One core principle of Web 2.0 that may well be holding back it’s uptake amongst organisations and businesses is transparency. Most people in the corporate world have a natural inclination to hide any facts about themselves from public view as if they were as important as Britain’s nuclear codes. Public comment, discussion, content rating, published visitor figures and other stats are completely avoided on most “official” websites you’ll visit. By doing this businesses and organisations are passing up on a wealth of free feedback from their target audience as well as making themselves appear closed, fusty and, lets face it, a bit of a git.

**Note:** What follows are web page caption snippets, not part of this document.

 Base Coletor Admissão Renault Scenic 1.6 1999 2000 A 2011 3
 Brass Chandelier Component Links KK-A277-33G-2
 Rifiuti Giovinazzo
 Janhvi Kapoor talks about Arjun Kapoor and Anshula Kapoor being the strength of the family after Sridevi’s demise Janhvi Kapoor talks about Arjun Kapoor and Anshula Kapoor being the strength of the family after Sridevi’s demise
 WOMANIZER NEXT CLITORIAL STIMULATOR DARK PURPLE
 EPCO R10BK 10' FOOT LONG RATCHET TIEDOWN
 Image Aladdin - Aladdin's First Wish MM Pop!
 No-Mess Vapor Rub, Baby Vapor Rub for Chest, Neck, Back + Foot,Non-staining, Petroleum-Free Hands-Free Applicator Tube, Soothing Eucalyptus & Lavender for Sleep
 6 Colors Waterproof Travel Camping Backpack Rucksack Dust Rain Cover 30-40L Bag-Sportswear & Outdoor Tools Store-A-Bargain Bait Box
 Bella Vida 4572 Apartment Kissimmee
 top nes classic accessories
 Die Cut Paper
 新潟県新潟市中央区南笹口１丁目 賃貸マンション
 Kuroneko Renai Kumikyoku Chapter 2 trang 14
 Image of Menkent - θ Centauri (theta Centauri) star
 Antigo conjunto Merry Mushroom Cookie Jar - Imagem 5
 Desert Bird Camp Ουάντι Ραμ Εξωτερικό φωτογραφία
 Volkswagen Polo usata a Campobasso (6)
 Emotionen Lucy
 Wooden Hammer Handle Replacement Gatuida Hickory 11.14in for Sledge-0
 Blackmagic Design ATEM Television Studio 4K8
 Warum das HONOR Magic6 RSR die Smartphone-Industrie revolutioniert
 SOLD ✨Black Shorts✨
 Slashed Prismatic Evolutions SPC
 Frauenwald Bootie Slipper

One very small baby step to making yourself a bit more open is adding a webcounter to your site. This shows how many times your page has been visited and lets the browser judge whether your site or blog is making the impact that you might be claiming all over your webpages. It really is the first rung on the transparency ladder - and yes, I can hear the groaning and I promise not to use that analogy again.

Setting up a webcounter is easy and once again free. There are various sites that will help you embed one on your site, one of the simplest being freelogs.com.

Today’s how to guide runs you through their very, very simple set up routine. Our webcounter, set up this morning, is on the right hand menu.

How to set up a webcounter ... on blogger

1. Log on to http://www.freelogs.com/

2. Click on “create your free counter”.

3. Fill in the set up table’s tabs with a username, password, start count – be good and don’t set it to 3 and a half billion – email address, your page’s link in the URL box and choose the style of counter you want.

4. Decide whether you want the counter to show the number of visits or unique users. Then click on agree policy before pressing on create counter.

5. Your counter will be set up and you’ll go through to a page with a webcode. Copy this.

6. Log into your blogger account and click on customise from your dashboard so you’re through to the page element section.

7. Click on the add element tab and select “add text”. Paste the code in, give the counter a title, select save and a counter box will appear in the page element and on your blog. Move it around until its in the right location.

For corporate websites and business sites, just call your tech guys!